“What’s your business?” yelled Marie from the gate tower, pointing her rifle at the small caravan below. A man emerged from the covered wagon holding a wool hat in his hand. He was gaunt, his bones pulling hard against his leather skin.

“Ma’m we were hoping we might have a word with someone who would be able to speak for your people.” Marie pointed her rife at his chest.

“You stay behind that yellow line there, you can speak your peace.”

The man shifted on his feet and rubbed his neck. “Ma’m, I just wanted to say how I think mighty highly of your ancestors for planning this place and anticipating the Fall like they did.”

Marie nodded. “You honor us for saying so.”

“And I wanted to say how you all look like fine folk, real fine.”

“Kind of you.”

“And I’m sure, if not for the Fall, you wouldn’t have that rifle pointed at my head and we might be good friends.”

“No point dwelling on what might have been, my pa used to say.”

He nodded. “Right you are, Ma’m, right you are. I was just hopin’ being that you folk seem to be doing well, that you might be able to open your house to weary travelers.” He motioned toward the caravan where Marie could see children poking their heads out from the tarp covered wagon. They were all different ages and colors. Strays this man must have picked up for labor or sex or maybe even out of some kind of sympathy. Might be some of them were even his own children. “We’ve been going a long while Ma’m and it ain’t been easy.”

“Hard times.” said Marie.

“We willing to trade whatever we’ve got. It ain’t much, we were hit hard by some bandits and they took some of us and our valuables, but we’ll trade what we’ve got. He motioned to a woman, who crawled out of the wagon, smoothing out her hair. Her footsteps squished in the mud and Marie saw she had bags wrapped around her feet with rope. The man smiled and motioned her.

“This here is my sister, we can do whatever labor you needs doin’ and the children can work too, they do anything for the food. Helen here is friendly and clean and she’d be willing to give company if any of your folk are lonely.”

Maries voice changed. “That ain’t your sister and I’m insulted you tried to trick me to thinking so. That’s your wife or I don’t know a breath from my face. We don’t know those we ain’t married to here.”

The man turned his hat in his hands, clenching at the fabric. “I’m sorry Ma’m. I didn’t mean to offend.”
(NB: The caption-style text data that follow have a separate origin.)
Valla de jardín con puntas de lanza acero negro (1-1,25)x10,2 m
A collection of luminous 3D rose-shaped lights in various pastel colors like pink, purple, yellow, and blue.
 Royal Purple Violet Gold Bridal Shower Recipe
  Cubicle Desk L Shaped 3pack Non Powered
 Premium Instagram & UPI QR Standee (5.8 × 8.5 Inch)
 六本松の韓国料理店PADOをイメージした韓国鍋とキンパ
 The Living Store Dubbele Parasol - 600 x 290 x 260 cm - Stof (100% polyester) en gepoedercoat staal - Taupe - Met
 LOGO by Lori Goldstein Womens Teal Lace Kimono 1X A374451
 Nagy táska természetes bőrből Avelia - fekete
Marie motioned with the rife. “I think you better move along. Unless you got trade like weapons or seeds or gasoline, you need to get yourselves off our land. We can’t take another mouth to feed and we’ve got all we need. You should go north. I hear it told that there is some work for a big compound up there.”

“Miss, we’ve been up North. We just came from there. There is a camp of folk like us outside the compound just waiting for work that doesn’t come. What goes on there is terrible, the people sometimes, when someone dies. . . They are just so hungry.“

“I don’t need to be hearing your tale of woe Mister. I got troubles of my own. I was raised a Christian woman and I feel for you, if I had enough food I would give you what I got, but I don’t and I can’t. I got my own people to think of.”

“I don’t fault you for that.”

“Sure that you do, as I would in your position.” She cocked the rife. “You better start moving.”

“Alright Ma’m, I hear you.” He began to walk away from the line and then turned suddenly and forced his words. “Uh, Ma’m, please don’t shoot me for stopping for a minute, but we do have something you might find useful. I’m not sure that you might be interested in such things, being that you are people of the cross, but a couple months back we passed through a factory and picked up a bunch of, uh, preventatives, and we hid them under the wagon. They was the only thing the bandits didn’t take. If you want to trade those, we got about three hundred of them.”

“Preventives, eh?” Marie nodded to someone behind the wall and a basket was lowered down with a rope.

“There’s a tomato in that basket, you put one of your preventatives in there and if we like it, we might talk.” The man approached the basket and tentatively put a little package inside. He took out the tomato and took a large bite, and then another. He handed it over to Helen, who let the children take one bite each, made them chew slow.

Marie picked the little square out of the basket and looked it over, finally ripping it open with her teeth. Inside was a wet rubber ring. She slipped it back in the package and into her pocket. She held the rife across her chest. The man saw her perfect white teeth as she smiled.

“Mister, if you got a few hundred of those then I believe we can do business.”